When you reach the line containing "I Love My Boyfriend" in the entries below, start writing out each line exactly, and stop after the line containing "Le Specs | Meteor".

Information given:

BEGIN

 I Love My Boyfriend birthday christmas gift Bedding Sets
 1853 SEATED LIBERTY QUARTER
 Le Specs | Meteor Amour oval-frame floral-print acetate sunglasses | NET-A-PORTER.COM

END
BEGIN

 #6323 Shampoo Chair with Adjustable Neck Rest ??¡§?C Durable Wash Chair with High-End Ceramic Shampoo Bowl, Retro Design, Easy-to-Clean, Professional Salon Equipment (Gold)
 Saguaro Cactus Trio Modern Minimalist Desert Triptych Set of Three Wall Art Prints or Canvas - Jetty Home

END
BEGIN

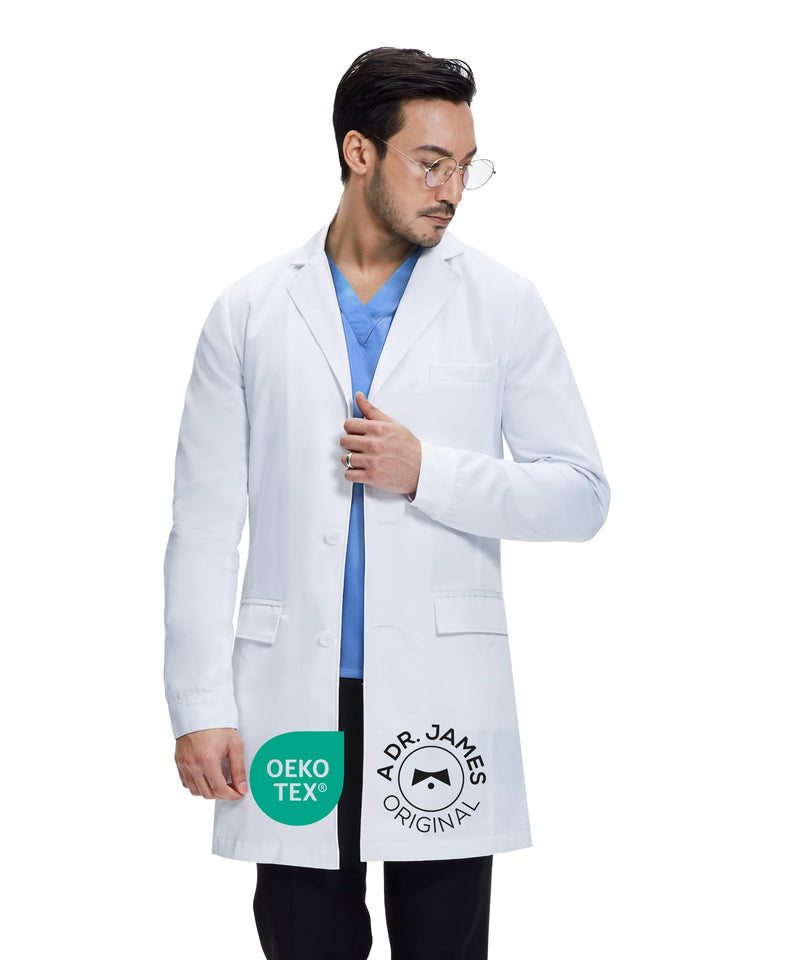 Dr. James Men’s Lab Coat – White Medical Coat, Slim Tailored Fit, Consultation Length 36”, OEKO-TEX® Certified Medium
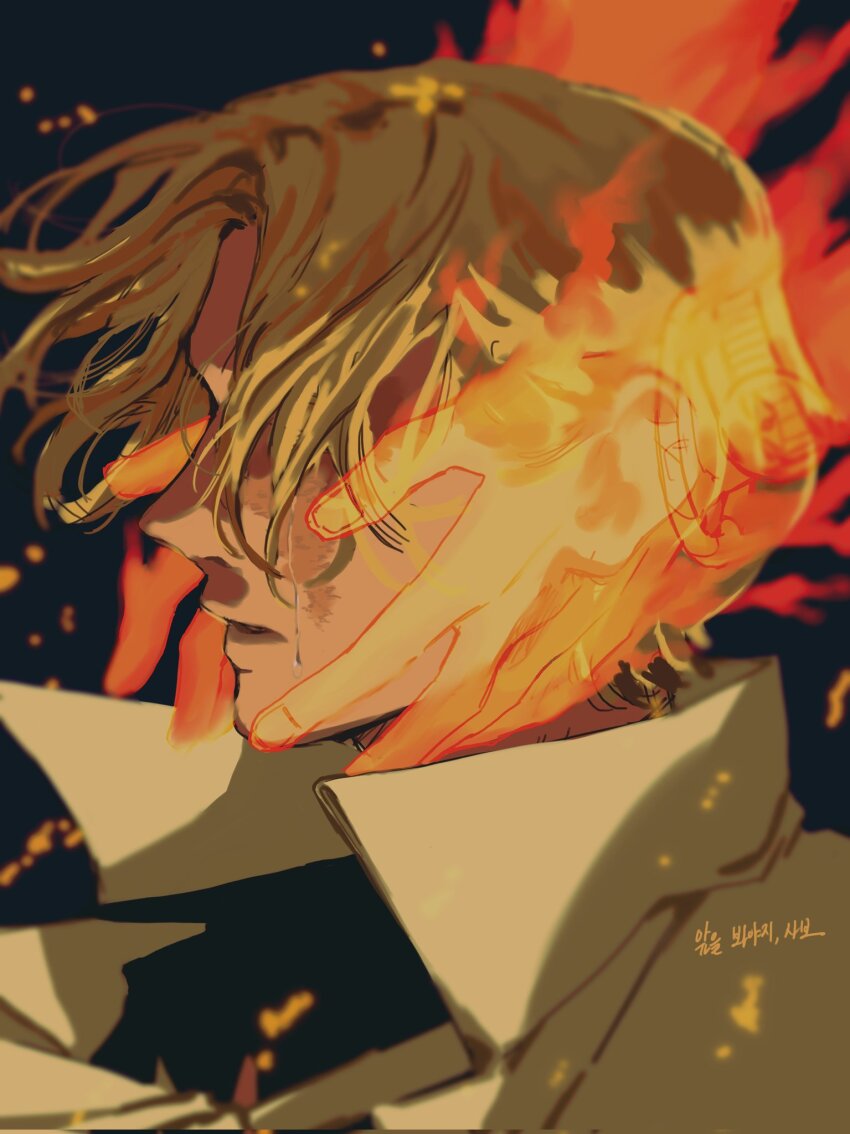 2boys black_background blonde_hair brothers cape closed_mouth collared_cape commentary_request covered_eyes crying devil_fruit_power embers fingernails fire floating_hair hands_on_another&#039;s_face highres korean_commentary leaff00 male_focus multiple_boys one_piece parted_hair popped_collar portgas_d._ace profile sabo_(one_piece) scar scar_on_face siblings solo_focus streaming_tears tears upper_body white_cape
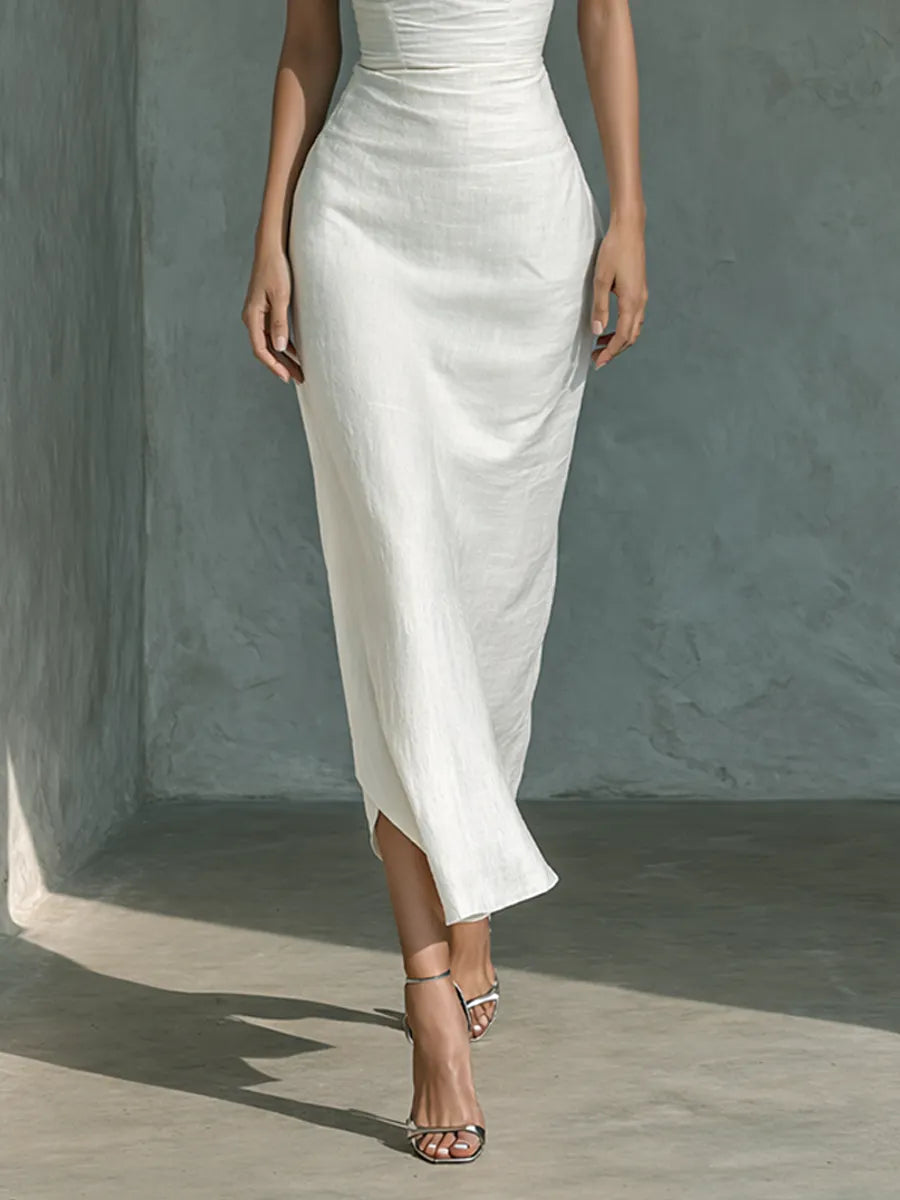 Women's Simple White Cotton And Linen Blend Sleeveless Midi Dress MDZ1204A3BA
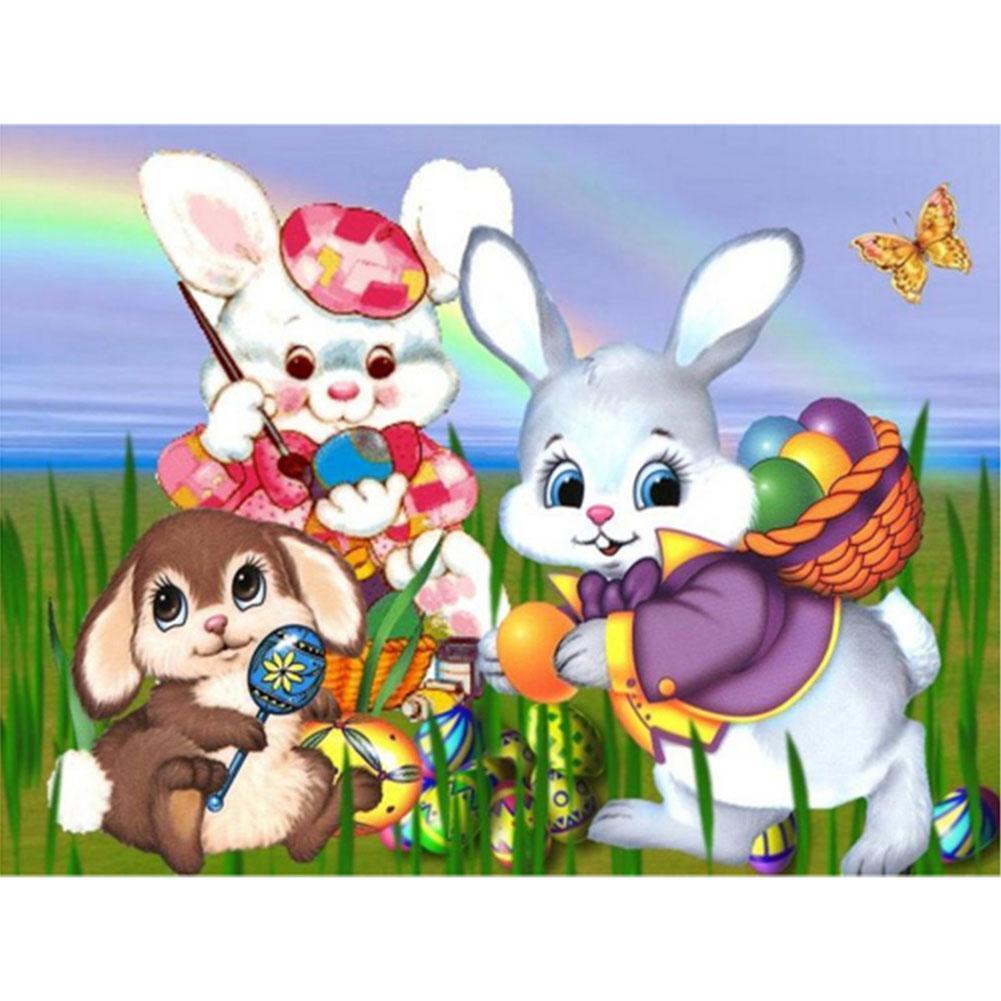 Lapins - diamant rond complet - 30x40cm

END

Result:
 I Love My Boyfriend birthday christmas gift Bedding Sets
 1853 SEATED LIBERTY QUARTER
 Le Specs | Meteor Amour oval-frame floral-print acetate sunglasses | NET-A-PORTER.COM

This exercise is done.